EXERCISE DIRECTIONS:
Write the entries again exactly, with no line missing.

DATASET CONTENT:
──────

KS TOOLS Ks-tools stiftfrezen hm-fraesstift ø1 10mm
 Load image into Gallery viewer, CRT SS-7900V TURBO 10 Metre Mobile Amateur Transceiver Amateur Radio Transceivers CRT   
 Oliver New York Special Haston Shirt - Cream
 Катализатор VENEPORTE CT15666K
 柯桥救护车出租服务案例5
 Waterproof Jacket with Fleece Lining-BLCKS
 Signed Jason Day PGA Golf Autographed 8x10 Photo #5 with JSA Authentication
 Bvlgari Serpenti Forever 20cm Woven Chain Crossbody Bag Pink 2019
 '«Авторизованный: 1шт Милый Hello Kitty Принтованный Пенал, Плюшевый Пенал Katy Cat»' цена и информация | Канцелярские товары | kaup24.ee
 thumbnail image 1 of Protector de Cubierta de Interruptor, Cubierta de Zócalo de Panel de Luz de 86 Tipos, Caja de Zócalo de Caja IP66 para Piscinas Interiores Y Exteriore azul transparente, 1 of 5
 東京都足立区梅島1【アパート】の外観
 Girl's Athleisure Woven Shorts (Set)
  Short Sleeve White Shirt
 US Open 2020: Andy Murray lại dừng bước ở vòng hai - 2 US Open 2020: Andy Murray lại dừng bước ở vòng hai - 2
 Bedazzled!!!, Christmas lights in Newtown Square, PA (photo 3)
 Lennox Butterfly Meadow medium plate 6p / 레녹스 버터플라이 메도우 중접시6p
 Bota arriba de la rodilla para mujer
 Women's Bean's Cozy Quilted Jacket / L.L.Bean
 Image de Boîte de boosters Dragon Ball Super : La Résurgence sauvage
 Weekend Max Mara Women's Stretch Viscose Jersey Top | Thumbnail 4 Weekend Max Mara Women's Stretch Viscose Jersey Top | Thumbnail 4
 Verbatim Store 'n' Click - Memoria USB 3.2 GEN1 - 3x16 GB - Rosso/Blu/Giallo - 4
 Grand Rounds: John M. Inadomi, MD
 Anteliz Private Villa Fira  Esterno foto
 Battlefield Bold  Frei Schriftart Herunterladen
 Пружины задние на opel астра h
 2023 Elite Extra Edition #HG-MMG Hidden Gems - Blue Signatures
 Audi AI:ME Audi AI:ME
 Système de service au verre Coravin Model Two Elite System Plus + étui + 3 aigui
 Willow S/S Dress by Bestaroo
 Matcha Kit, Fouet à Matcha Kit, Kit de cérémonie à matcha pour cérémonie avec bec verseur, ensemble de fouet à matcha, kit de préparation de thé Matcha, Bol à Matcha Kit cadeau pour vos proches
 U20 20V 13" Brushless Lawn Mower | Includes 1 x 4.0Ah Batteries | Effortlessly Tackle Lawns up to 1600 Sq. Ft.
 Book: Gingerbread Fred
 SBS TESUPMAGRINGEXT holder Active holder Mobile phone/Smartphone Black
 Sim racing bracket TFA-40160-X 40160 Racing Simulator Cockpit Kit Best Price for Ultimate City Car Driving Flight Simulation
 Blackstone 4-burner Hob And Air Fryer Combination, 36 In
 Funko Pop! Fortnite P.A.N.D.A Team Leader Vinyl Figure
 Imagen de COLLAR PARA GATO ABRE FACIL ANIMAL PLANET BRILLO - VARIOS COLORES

──────

OUTPUT OF THE EXERCISE:
KS TOOLS Ks-tools stiftfrezen hm-fraesstift ø1 10mm
 Load image into Gallery viewer, CRT SS-7900V TURBO 10 Metre Mobile Amateur Transceiver Amateur Radio Transceivers CRT   
 Oliver New York Special Haston Shirt - Cream
 Катализатор VENEPORTE CT15666K
 柯桥救护车出租服务案例5
 Waterproof Jacket with Fleece Lining-BLCKS
 Signed Jason Day PGA Golf Autographed 8x10 Photo #5 with JSA Authentication
 Bvlgari Serpenti Forever 20cm Woven Chain Crossbody Bag Pink 2019
 '«Авторизованный: 1шт Милый Hello Kitty Принтованный Пенал, Плюшевый Пенал Katy Cat»' цена и информация | Канцелярские товары | kaup24.ee
 thumbnail image 1 of Protector de Cubierta de Interruptor, Cubierta de Zócalo de Panel de Luz de 86 Tipos, Caja de Zócalo de Caja IP66 para Piscinas Interiores Y Exteriore azul transparente, 1 of 5
 東京都足立区梅島1【アパート】の外観
 Girl's Athleisure Woven Shorts (Set)
  Short Sleeve White Shirt
 US Open 2020: Andy Murray lại dừng bước ở vòng hai - 2 US Open 2020: Andy Murray lại dừng bước ở vòng hai - 2
 Bedazzled!!!, Christmas lights in Newtown Square, PA (photo 3)
 Lennox Butterfly Meadow medium plate 6p / 레녹스 버터플라이 메도우 중접시6p
 Bota arriba de la rodilla para mujer
 Women's Bean's Cozy Quilted Jacket / L.L.Bean
 Image de Boîte de boosters Dragon Ball Super : La Résurgence sauvage
 Weekend Max Mara Women's Stretch Viscose Jersey Top | Thumbnail 4 Weekend Max Mara Women's Stretch Viscose Jersey Top | Thumbnail 4
 Verbatim Store 'n' Click - Memoria USB 3.2 GEN1 - 3x16 GB - Rosso/Blu/Giallo - 4
 Grand Rounds: John M. Inadomi, MD
 Anteliz Private Villa Fira  Esterno foto
 Battlefield Bold  Frei Schriftart Herunterladen
 Пружины задние на opel астра h
 2023 Elite Extra Edition #HG-MMG Hidden Gems - Blue Signatures
 Audi AI:ME Audi AI:ME
 Système de service au verre Coravin Model Two Elite System Plus + étui + 3 aigui
 Willow S/S Dress by Bestaroo
 Matcha Kit, Fouet à Matcha Kit, Kit de cérémonie à matcha pour cérémonie avec bec verseur, ensemble de fouet à matcha, kit de préparation de thé Matcha, Bol à Matcha Kit cadeau pour vos proches
 U20 20V 13" Brushless Lawn Mower | Includes 1 x 4.0Ah Batteries | Effortlessly Tackle Lawns up to 1600 Sq. Ft.
 Book: Gingerbread Fred
 SBS TESUPMAGRINGEXT holder Active holder Mobile phone/Smartphone Black
 Sim racing bracket TFA-40160-X 40160 Racing Simulator Cockpit Kit Best Price for Ultimate City Car Driving Flight Simulation
 Blackstone 4-burner Hob And Air Fryer Combination, 36 In
 Funko Pop! Fortnite P.A.N.D.A Team Leader Vinyl Figure
 Imagen de COLLAR PARA GATO ABRE FACIL ANIMAL PLANET BRILLO - VARIOS COLORES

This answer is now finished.